-- Opening Marker --

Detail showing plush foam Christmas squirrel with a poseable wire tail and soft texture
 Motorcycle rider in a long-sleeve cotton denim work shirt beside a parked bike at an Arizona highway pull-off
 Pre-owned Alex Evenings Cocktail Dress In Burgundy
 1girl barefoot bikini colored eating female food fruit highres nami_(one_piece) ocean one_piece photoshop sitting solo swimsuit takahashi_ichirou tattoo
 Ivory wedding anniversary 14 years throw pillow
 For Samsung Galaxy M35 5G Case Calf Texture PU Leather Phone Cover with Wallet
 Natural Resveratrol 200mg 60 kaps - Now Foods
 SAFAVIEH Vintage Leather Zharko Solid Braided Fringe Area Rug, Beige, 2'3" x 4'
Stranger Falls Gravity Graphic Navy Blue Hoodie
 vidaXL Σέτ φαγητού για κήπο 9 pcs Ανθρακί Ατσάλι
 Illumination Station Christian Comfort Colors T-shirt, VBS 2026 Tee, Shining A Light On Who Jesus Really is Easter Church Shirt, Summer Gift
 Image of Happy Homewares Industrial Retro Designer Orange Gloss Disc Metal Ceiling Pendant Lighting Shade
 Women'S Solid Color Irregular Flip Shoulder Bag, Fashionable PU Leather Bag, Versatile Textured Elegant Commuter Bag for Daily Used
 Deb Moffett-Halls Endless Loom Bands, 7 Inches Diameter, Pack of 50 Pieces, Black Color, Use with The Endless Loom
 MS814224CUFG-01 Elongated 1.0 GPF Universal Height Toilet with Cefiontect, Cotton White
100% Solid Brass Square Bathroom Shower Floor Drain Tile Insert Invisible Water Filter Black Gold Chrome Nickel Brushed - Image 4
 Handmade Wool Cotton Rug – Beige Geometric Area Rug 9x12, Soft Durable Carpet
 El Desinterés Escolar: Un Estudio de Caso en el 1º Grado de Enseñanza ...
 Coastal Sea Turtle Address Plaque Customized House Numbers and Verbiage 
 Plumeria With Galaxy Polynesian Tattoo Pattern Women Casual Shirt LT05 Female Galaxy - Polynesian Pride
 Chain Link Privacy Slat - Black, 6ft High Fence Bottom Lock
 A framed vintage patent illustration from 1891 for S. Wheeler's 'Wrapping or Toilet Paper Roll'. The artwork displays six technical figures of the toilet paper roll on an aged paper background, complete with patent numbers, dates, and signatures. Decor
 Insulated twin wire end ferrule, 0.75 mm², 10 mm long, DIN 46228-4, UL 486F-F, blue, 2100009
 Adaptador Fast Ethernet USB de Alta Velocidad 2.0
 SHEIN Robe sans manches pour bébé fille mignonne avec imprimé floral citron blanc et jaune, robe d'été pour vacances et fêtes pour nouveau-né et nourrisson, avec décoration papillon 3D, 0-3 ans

-- Closing Marker --

▶ **Assignment**
Every line where "Toilet" appears must be returned from the listing above.

▶ **Output**
 MS814224CUFG-01 Elongated 1.0 GPF Universal Height Toilet with Cefiontect, Cotton White
 A framed vintage patent illustration from 1891 for S. Wheeler's 'Wrapping or Toilet Paper Roll'. The artwork displays six technical figures of the toilet paper roll on an aged paper background, complete with patent numbers, dates, and signatures. Decor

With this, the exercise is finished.